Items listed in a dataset
───

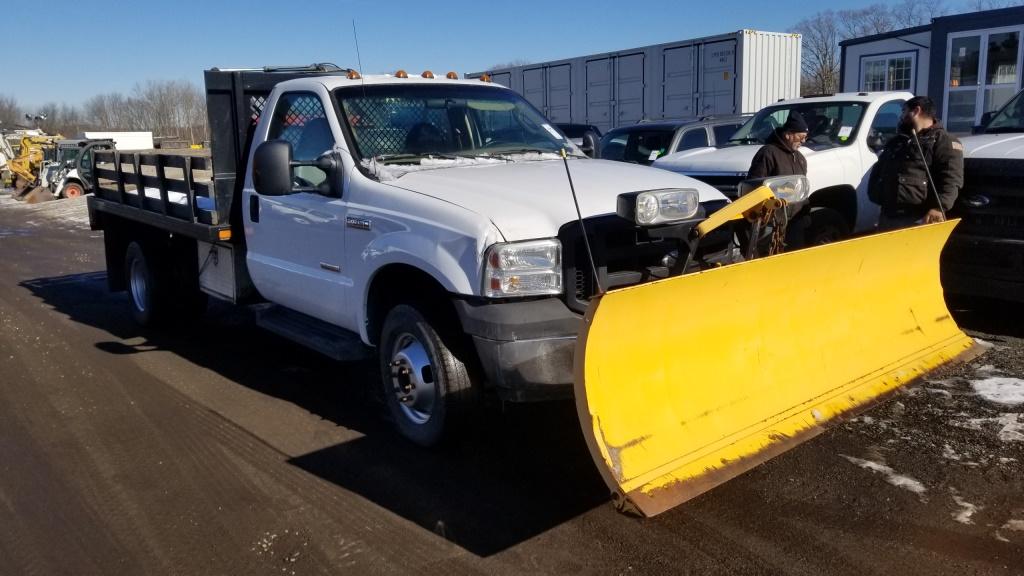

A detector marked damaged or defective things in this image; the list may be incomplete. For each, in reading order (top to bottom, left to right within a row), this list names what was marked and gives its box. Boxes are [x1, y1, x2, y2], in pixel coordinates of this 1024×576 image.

rust on plow blade [577, 219, 983, 516]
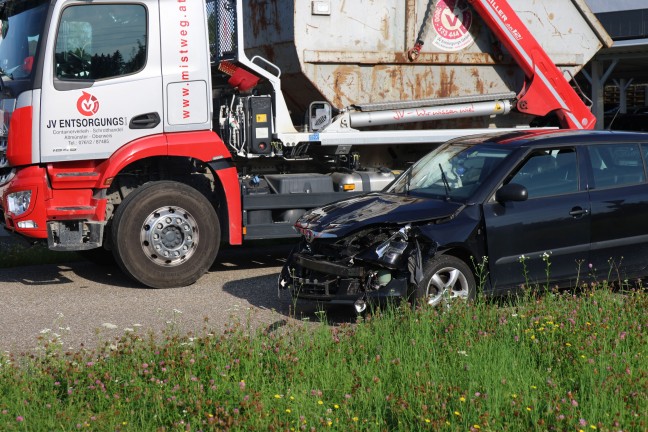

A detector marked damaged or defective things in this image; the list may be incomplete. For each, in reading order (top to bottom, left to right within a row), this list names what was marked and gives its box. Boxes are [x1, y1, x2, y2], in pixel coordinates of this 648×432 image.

crumpled hood [296, 194, 464, 238]
damaged car front [278, 138, 516, 310]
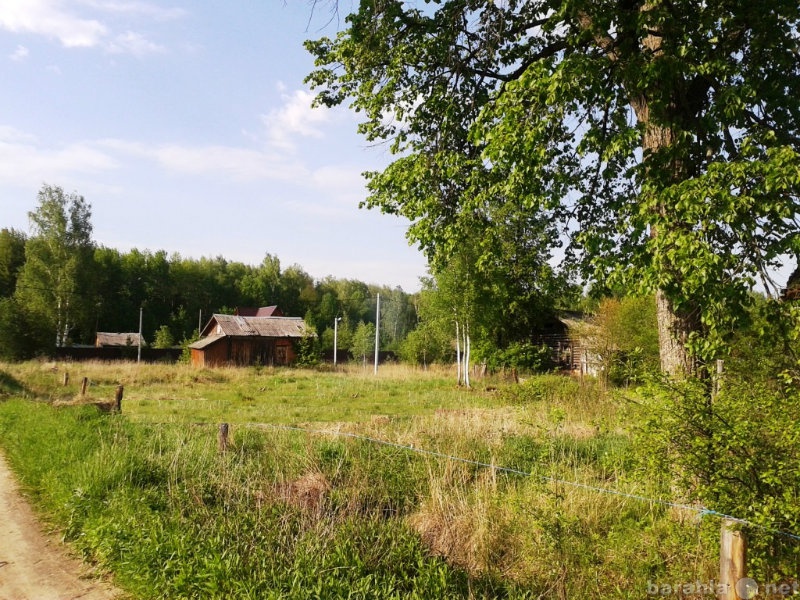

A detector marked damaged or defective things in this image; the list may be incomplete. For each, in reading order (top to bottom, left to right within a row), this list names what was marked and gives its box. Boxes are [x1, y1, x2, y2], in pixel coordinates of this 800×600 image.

rusty metal roof [203, 312, 310, 340]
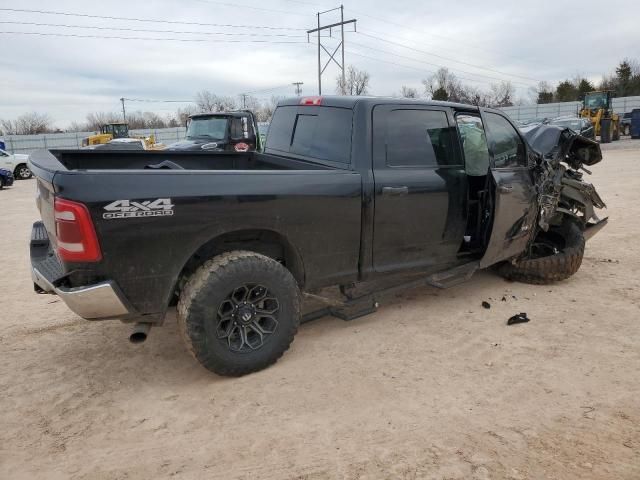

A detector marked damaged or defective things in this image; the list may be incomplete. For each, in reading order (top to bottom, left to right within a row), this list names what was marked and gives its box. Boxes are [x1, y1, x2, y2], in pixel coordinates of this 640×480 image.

damaged front end [524, 124, 608, 235]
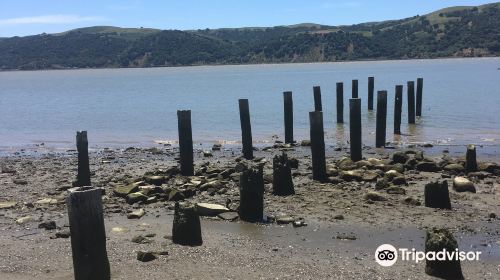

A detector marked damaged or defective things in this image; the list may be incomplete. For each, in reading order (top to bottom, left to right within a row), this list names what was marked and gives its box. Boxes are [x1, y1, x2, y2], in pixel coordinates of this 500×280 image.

broken wooden post [76, 132, 92, 188]
broken wooden post [238, 99, 254, 160]
broken wooden post [239, 166, 264, 223]
broken wooden post [272, 152, 294, 196]
broken wooden post [308, 110, 328, 180]
broken wooden post [424, 180, 452, 209]
broken wooden post [67, 186, 110, 280]
broken wooden post [173, 201, 202, 245]
broken wooden post [426, 229, 464, 278]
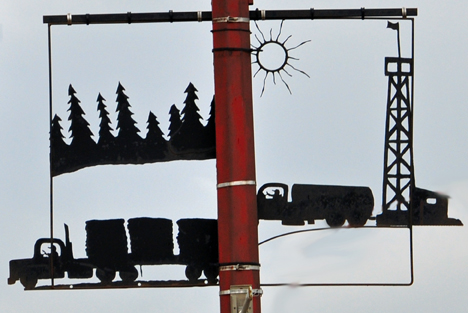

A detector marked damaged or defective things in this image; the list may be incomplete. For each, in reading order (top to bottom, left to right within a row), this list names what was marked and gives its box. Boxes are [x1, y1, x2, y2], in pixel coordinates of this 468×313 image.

rust streak on pole [211, 0, 260, 310]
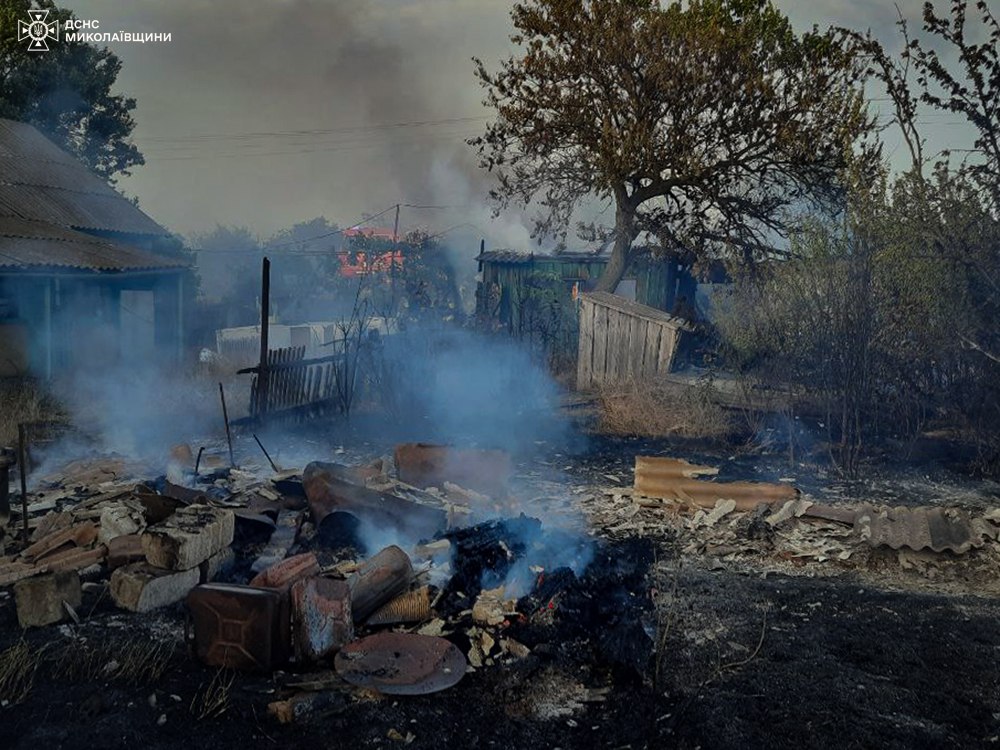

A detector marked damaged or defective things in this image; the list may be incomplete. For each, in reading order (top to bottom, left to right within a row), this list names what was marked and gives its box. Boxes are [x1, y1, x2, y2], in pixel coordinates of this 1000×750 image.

damaged wooden fence [237, 348, 344, 426]
damaged wooden fence [576, 292, 692, 390]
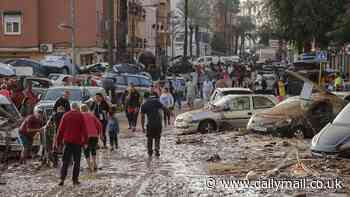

───

• Task
What is needed is an exact copy of the lines from the line with "this 468×313 image." to the end of the data above, both included, without any pictures.

• Output for this task
A detector marked damaged or defective things in this image; the list may be incomplete. For each, in reading order (top to bottom, left to right within a row), this list names what was marked and gives its box. Boxes are [x1, y1, x2, y2], in pixel coordinates of this 468×313 image.

rust streak on pole [211, 0, 260, 310]

A detector marked damaged or defective things in this image; the list may be incomplete. For each, in reading order (top to bottom, left to right within a row), this list names what was marked and gives its box. Boxes are [x1, y1, x2, y2], in pixel coordinates of this 1000×750 image.

damaged wooden fence [237, 348, 344, 426]
damaged wooden fence [576, 292, 692, 390]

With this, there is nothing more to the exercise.